Overall SaaS Company Health Improving, But Disparities Remain: The Kaplan Group

Results of a new study by the Kaplan Group reveal that SaaS companies are on much sounder financial footing than they were only a few years ago. The Kaplan Group analyzed SEC filings from 46 SaaS firms between 2022 and 2025.

The total debt of these 46 companies declined by 13.4% in 2025. With it comes increased profitability, as the median ROE went from -11% in 2022 to 7% in 2024. Overall, the companies are more selective in taking on debt; they borrow less and keep their finances safer.

The Kaplan Group said the median debt-to-asset ratio is a strong indicator of how much leverage a SaaS firm deploys. At 16.8% in 2022, it has shrunk to 3.1% in 2025

“This means that, by 2025, the median SaaS company is financing only a tiny fraction of its assets with debt, reflecting a major shift toward more conservative balance sheets,” the report states.

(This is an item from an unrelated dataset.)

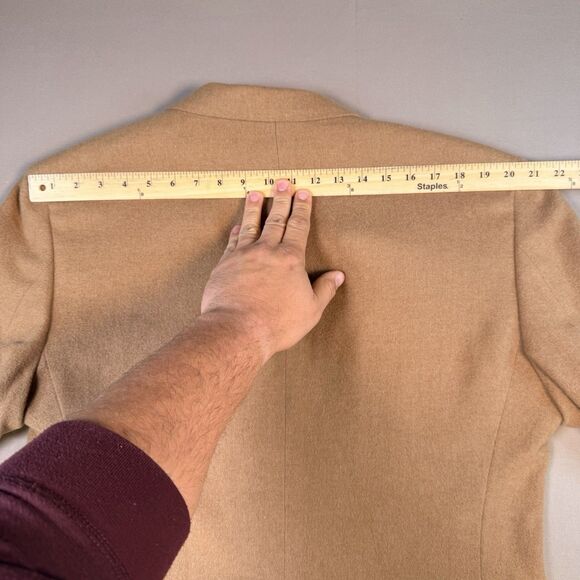 Brooks Brothers Blazer Mens 43R Tan Camel Hair Jacket Two Button Coat - Picture 9 of 10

Median debt-to-equity ratios are also plummeting, from 32.8% in 2022 to 5.2% this year. This indicates that companies are relying less on debt compared to their equity, yet another move away from leverage.

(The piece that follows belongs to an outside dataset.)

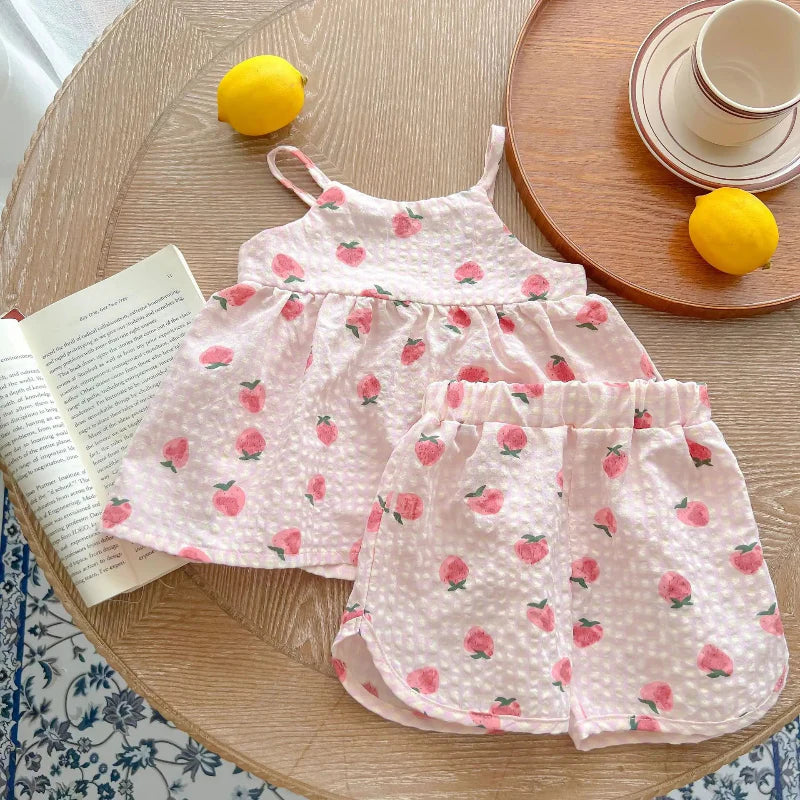 Sommer Baby Set – Luftiges Tanktop & Kurze Hose | Bequem & Atmungsaktiv | Größe 1–24 Monate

The good news continues, as profitability is also better. While ROE was negative in 2022 and 2023, it has turned and remained positive, meaning shareholders are realizing value.

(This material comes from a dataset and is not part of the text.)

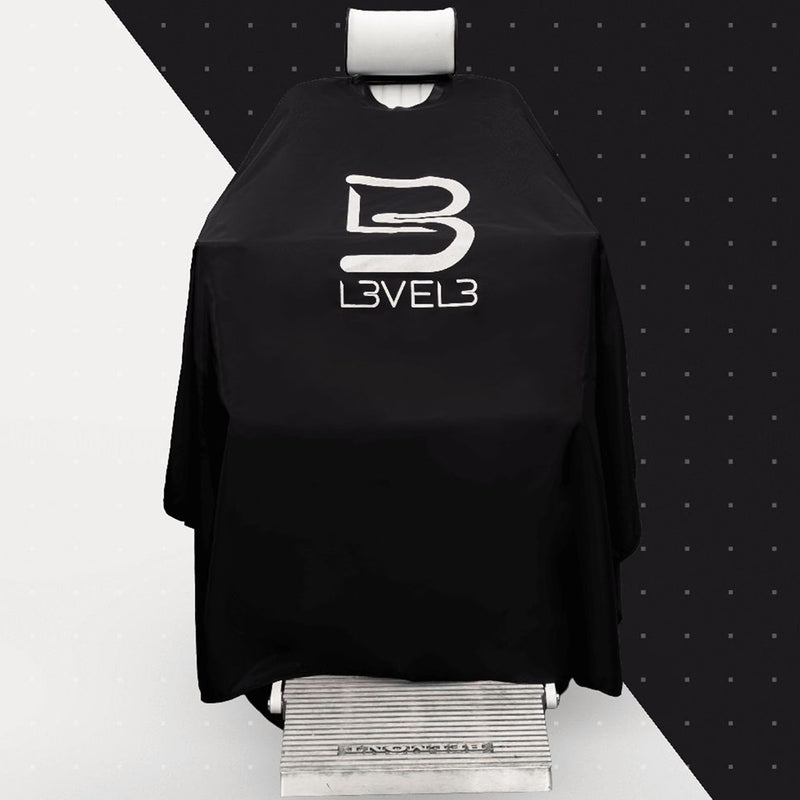L3VEL3 Professional Rubber Neck Cutting Cape [5 Color Options]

The Kaplan Group also considered the debt health score, a measure that evaluates each SaaS company’s ability to effectively manage debt. It blends debt-to-assets, debt-to-equity, and free cash flow to debt into a score between one and 100, with the higher score the better. Companies are deemed Excellent (80+), Good (60-79), Fair (40-59), Poor (20-39), or Very Poor (below 20).

Top performers include DSGX (91.6), ZM (90.3), and VEEV (87.7), while the Kaplan Group said NET (4.8), CFLT (6.1), and AKAM (9.3) “struggle with high leverage and weak cash flow coverage.”

“The distribution shows a polarized industry—only five companies achieve ‘Excellent’ scores, while 18 companies fall into ‘Poor’ or ‘Very Poor’ categories,” the report states. “This suggests that a significant portion of SaaS companies still carries concerning levels of financial risk.”

“Companies that generate strong free cash flow relative to their debt obligations score higher in our analysis, even when they carry moderate amounts of leverage. This demonstrates that operational cash generation—not just minimal borrowing—is the key to sustainable debt management. A company with $100 million in debt but $50 million in annual free cash flow is in a much stronger position than one with $50 million in debt but only $5 million in free cash flow.”